## WHAT IS BEING ASKED
What is needed is a word-for-word copy of the lines below from the one with "Imagem Casa à" through the one with "xxxCaligulaxxx chick fucks", both included, with every picture left out.

## INPUT DATA

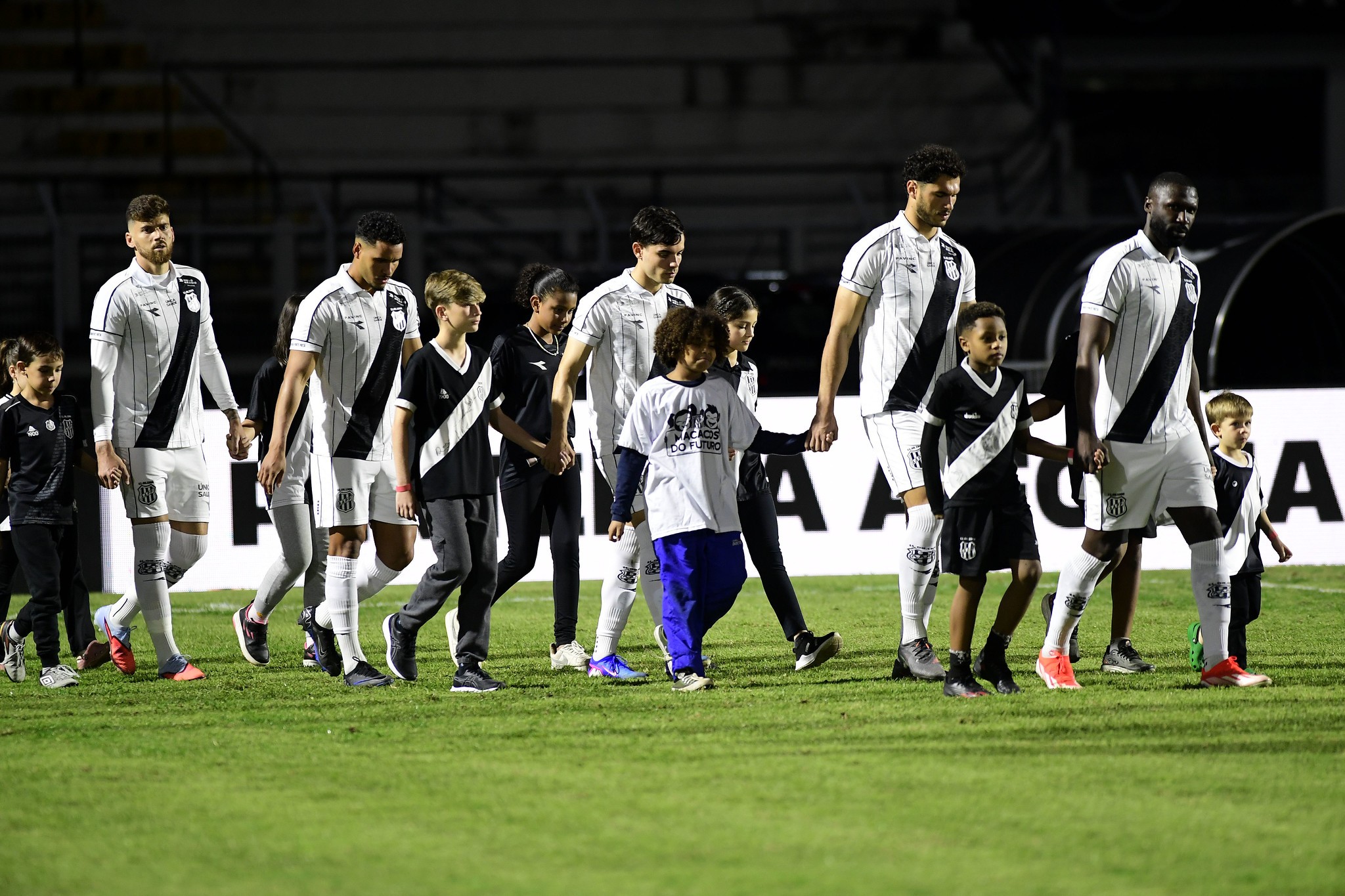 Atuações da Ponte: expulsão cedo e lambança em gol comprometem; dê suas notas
==
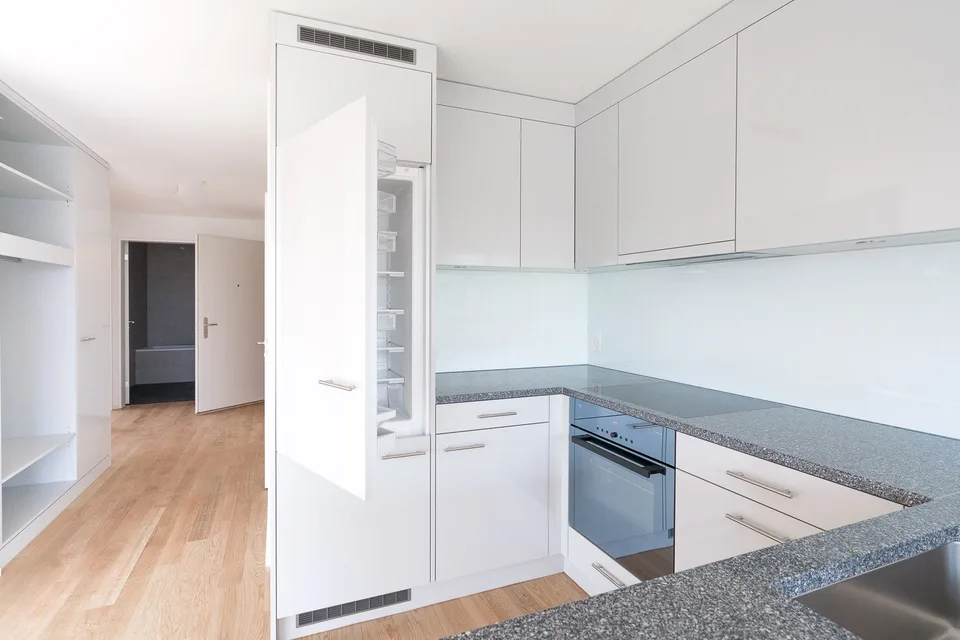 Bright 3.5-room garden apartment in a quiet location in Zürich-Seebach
* * *
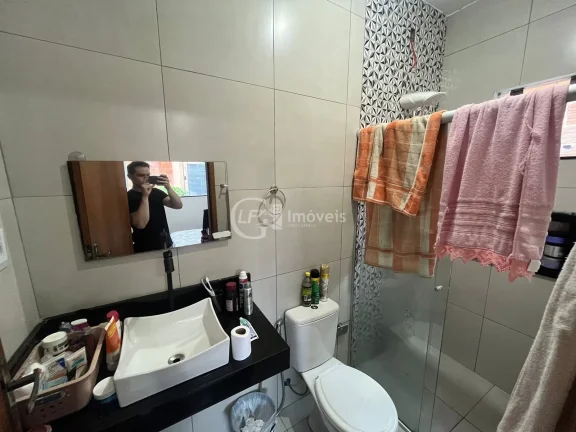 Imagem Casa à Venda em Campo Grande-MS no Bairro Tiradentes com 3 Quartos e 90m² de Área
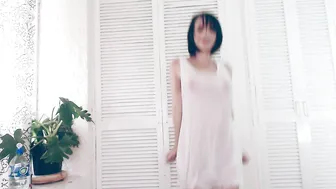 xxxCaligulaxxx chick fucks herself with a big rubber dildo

## FINISHED EXERCISE
 Imagem Casa à Venda em Campo Grande-MS no Bairro Tiradentes com 3 Quartos e 90m² de Área
 xxxCaligulaxxx chick fucks herself with a big rubber dildo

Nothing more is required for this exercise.